1960年代にイタリア映画のヌーヴェルバーグの旗手となったベルナルド・ベルトリッチは、映像とタンゴを深く結びつけた作品を撮った監督である。1970年公開の『暗殺の森 Il Conformista』ではタンゴを重要な場面に使っている。
この映画はイタリア・ファシズムを心理的描写で浮き彫りにしていく。反ファシズム派の指導者で大学教授とその妻(ドミニク・サンダ)を暗殺する主人公のファシスト(ジャン=ルイ・トランティニャン)の妻(ステファニア・サンドレッリ)が、同性愛的なムードを漂わせて踊るタンゴのシーンは官能的で美しい魅力を放っている名場面である。
ベルトリッチといえばその代表作として世界を騒然とさせた問題作の『ラスト・タンゴ・イン・パリ』で、中年の男ポール(マーロン・ブランド)と20歳のジャンヌ(マリア・シュナイダー)が酒に酔ってふざけてタンゴを踊る場面も印象的であり、タンゴの審査員に咎められてポールはズボンを下ろして尻まで見せる悪態ぶりは名演技である。

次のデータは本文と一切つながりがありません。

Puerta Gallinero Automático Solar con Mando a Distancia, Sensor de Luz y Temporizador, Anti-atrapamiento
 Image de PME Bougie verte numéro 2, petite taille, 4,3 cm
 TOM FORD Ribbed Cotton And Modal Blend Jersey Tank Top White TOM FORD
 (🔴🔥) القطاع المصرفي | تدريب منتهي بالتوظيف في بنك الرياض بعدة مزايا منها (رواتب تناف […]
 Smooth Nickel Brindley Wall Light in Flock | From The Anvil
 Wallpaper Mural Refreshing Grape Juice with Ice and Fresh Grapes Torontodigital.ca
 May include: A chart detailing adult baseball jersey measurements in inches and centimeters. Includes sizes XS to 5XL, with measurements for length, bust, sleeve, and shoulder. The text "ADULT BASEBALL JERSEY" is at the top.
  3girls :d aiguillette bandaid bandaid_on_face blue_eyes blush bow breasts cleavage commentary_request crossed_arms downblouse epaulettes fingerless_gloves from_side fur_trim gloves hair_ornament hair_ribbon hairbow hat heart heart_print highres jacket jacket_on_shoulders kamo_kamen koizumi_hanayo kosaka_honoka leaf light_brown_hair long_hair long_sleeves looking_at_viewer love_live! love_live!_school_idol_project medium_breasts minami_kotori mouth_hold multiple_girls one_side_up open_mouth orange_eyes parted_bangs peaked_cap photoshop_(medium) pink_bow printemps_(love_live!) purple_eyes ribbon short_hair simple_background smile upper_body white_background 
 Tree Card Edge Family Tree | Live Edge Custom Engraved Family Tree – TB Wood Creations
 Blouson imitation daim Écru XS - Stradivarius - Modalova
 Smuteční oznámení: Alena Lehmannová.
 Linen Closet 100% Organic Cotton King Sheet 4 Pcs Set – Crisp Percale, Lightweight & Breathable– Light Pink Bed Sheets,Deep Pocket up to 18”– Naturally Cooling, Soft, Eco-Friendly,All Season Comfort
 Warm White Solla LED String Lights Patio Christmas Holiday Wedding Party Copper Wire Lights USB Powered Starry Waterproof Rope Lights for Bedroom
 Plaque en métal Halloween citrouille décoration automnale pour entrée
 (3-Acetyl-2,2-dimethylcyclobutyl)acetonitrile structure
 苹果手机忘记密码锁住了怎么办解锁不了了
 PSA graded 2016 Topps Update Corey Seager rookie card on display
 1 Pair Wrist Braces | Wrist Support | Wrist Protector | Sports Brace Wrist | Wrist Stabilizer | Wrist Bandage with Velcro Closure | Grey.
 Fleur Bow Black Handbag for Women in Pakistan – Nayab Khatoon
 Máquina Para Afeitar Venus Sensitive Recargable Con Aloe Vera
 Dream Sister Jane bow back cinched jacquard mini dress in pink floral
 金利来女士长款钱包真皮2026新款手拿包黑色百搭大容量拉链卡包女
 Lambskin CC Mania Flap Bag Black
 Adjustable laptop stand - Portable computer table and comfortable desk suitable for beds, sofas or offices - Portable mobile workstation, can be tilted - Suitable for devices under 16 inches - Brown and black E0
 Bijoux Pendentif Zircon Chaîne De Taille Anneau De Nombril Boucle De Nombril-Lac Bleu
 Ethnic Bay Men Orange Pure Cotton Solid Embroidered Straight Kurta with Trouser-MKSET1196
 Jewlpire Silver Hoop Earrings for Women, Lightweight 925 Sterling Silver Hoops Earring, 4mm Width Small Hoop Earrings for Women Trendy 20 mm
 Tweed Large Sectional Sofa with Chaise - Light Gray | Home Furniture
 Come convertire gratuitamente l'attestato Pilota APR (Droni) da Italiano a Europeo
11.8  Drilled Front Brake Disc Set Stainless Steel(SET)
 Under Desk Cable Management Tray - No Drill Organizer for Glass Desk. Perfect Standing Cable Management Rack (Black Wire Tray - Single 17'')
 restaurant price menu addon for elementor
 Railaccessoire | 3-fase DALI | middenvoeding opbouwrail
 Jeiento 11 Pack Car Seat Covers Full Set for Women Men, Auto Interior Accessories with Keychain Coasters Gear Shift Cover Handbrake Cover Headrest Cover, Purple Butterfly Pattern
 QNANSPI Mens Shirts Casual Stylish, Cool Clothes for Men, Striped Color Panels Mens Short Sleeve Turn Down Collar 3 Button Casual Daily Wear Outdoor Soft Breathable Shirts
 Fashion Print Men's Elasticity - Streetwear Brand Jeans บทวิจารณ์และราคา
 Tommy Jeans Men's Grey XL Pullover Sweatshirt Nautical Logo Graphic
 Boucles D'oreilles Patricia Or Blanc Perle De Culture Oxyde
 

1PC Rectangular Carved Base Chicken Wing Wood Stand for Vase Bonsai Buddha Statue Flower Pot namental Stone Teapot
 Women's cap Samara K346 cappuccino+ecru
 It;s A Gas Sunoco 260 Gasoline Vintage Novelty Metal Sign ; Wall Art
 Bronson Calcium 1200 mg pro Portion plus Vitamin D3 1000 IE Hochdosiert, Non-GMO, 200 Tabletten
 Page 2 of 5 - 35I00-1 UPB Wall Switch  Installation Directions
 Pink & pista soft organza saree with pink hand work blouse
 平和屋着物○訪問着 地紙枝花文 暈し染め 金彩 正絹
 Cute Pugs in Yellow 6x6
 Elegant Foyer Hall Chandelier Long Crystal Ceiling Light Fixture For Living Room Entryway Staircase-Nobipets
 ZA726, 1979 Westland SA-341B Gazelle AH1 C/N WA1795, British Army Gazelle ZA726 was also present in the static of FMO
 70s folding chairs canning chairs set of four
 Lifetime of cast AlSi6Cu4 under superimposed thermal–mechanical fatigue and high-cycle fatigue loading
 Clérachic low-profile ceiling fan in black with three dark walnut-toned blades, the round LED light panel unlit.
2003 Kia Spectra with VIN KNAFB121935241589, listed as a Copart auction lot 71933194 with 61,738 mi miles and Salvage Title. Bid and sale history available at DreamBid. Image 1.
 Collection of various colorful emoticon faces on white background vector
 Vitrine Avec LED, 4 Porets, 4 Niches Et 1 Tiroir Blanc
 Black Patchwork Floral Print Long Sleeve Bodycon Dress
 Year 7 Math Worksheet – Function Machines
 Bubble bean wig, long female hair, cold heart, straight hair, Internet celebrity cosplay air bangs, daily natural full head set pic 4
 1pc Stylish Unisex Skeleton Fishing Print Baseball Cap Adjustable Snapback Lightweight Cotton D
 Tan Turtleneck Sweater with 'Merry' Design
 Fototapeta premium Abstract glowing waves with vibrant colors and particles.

この『ラスト・タンゴ・イン・パリ』の音楽を担当したガトー・バルビエリは、この映画音楽で世界的に有名になったアルゼンチン生まれのサックス奏者である。12歳でチャーリー・パーカーに憧れてクラリネットを始める。その後、アルト・サックスに転向する。プロのオーケストラで活躍して、50年代にテナー・サックスに転向して自ら率いる楽団を結成し、活動拠点をヨーロッパへと移す。
バルビエリはタンゴの奏者ではなくて、フリー・ジャズの畑で演奏をしていた。やがてジャズ・フュージョンや生まれ故郷のタンゴなどを創作の枠の中に収めて、あの独特な『ラスト・タンゴ・イン・パリ』の音楽性に至る。然るに、この映画はタンゴという世界からは、ピアソラのモダンなタンゴを越えて、ある種、前衛的な異色な音色をかもし出している。
当初は、アストラル・ピアソラがこの映画の音楽を担当する予定だった伝わるが、ピアソラといえば、75年の『サンチャゴに雨が降る』や85年の『タンゴ~ガルデルの亡命』の映画音楽を担当していた。95年のテリー・ギリアム監督のSF映画『12・モンキーズ Twelve Monkeys』では主題曲に、「プンタ・デル・エステ」組曲がピアソラの演奏で使われていたこともある。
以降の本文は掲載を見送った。